You may be interested in this talk about LuaJIT’s original build chain.

buildvm Utility

Prior to building the platform’s core, a special utility called buildvm is built and ran. This utility scans the core codebase and, based on special macros, generates some headers (*def.h) which are used inside uj_lib.c for building the standard library.

Sharing Common Fallback

Consider following code:

LJLIB_ASM(math_abs) LJLIB_REC(.)
{
    lj_lib_checknum(L, 1);
    return FFH_RETRY;
}
LJLIB_ASM_(math_floor) LJLIB_REC(.)

In this notation, LJLIB_ASM_ means that a Lua function``math.floor`` is implemented as a fast function inside the VM (the LJLIB_ASM part of the macro), but its fallback is a body of the last functions declared with the LJLIB_ASM macro.
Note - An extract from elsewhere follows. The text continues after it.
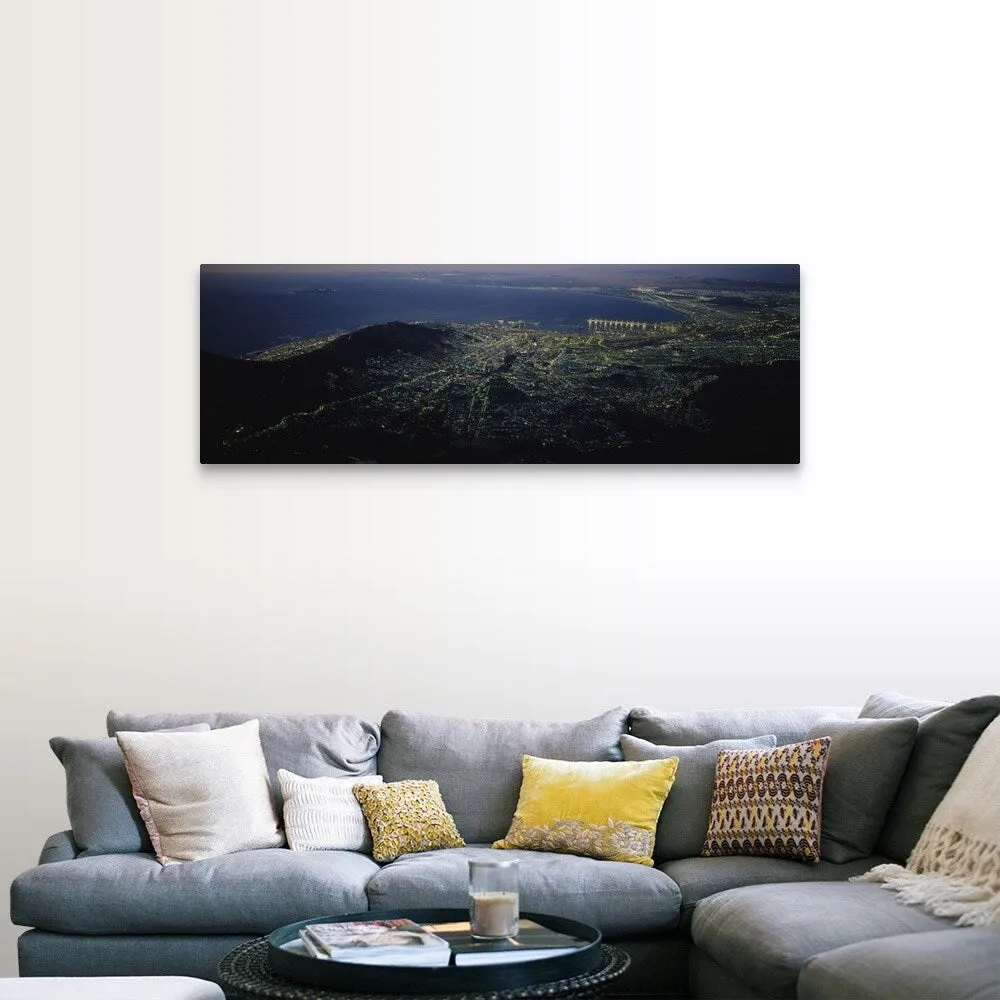 "Aerial view of a city, Cape Town, South Africa" Canvas Wall Art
Please note presence/absence of the final underscore. Here, this character carries information about where to find the fallback part:

$ nm ujit | fgrep -e ffh_math_floor -e ffh_math_abs
000000000041715d t lj_ffh_math_abs
$ gdb --args ./ujit -e 'print(math.floor("1.5"))'
...
(gdb) b lj_ffh_math_abs
...
(gdb) r
...
Breakpoint 1, lj_ffh_math_abs (L=0x0) at /vagrant/ujit/src/lib/math.c:28
28 {
(gdb) bt
#0 lj_ffh_math_abs (L=0x0) at /vagrant/ujit/src/lib/math.c:28
#1 0x00000000004c4d38 in lj_fff_fallback ()
#2 0x000000000040ebda in lua_pcall (L=0x7ffff7fcc378, nargs=0, nresults=0, errfunc=2) at /vagrant/ujit/src/uj_capi.c:884
#3 0x0000000000405f5b in docall (L=0x7ffff7fcc378, narg=0, clear=1) at /vagrant/ujit/src/ujit.c:118
...

Please be careful modifying code in src/lib/*.c.
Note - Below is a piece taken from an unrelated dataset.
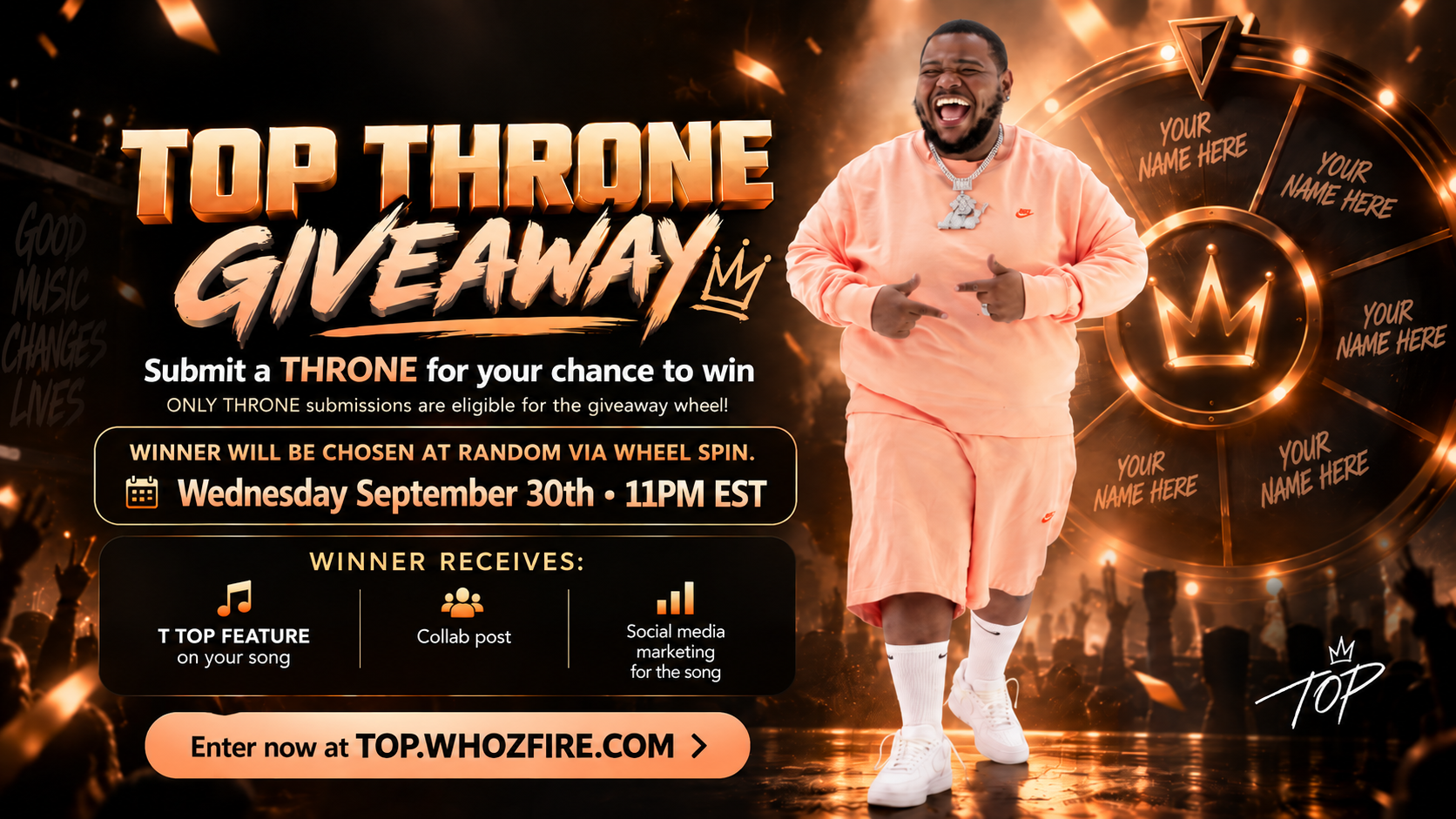 TOP Throne Giveaway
Builtins Accessing Upvalues

As you probably know, pairs and ipairs are implemented via a call to to next. Because of late binding, it is crucial to know the exact location of the original next in run-time, and _G.next is obviously not an option. To solve the issue, the “native” implementation of next is set as an upvalue for both pairs and ipairs. In other words, the platform executes something like:

local next = _G.next -- here, _G.next is our builtin
_G.pairs = function(...)
    -- next is used somewhere here
end

But how can we emulate this behaviour? Using following magic macros:

LJLIB_ASM(next)
{
    lj_lib_checktab(L, 1);
    return FFH_UNREACHABLE;
}
...
LJLIB_PUSH(lastcl)
LJLIB_ASM(pairs)
{
    return ffh_pairs(L, MM_pairs);
}

buildvm scans src/lib/base.c and upon parsing LJLIB_PUSH(lastcl), stores a byte 253 (0xfd aka LIBINIT_LASTCL) into the array lj_lib_init_base (auto-generated in lj_libdef.h). After that, uj_lib_register will be run inside luaopen_base: At this time, the LIBINIT_LASTCL byte will be read from the lj_lib_init_base array, and the last registered builtin (next in our case, the order of definitions does matter here) will be pushed on the coroutine’s stack, which will be accessed an an upvalue during registering the pairs builtin.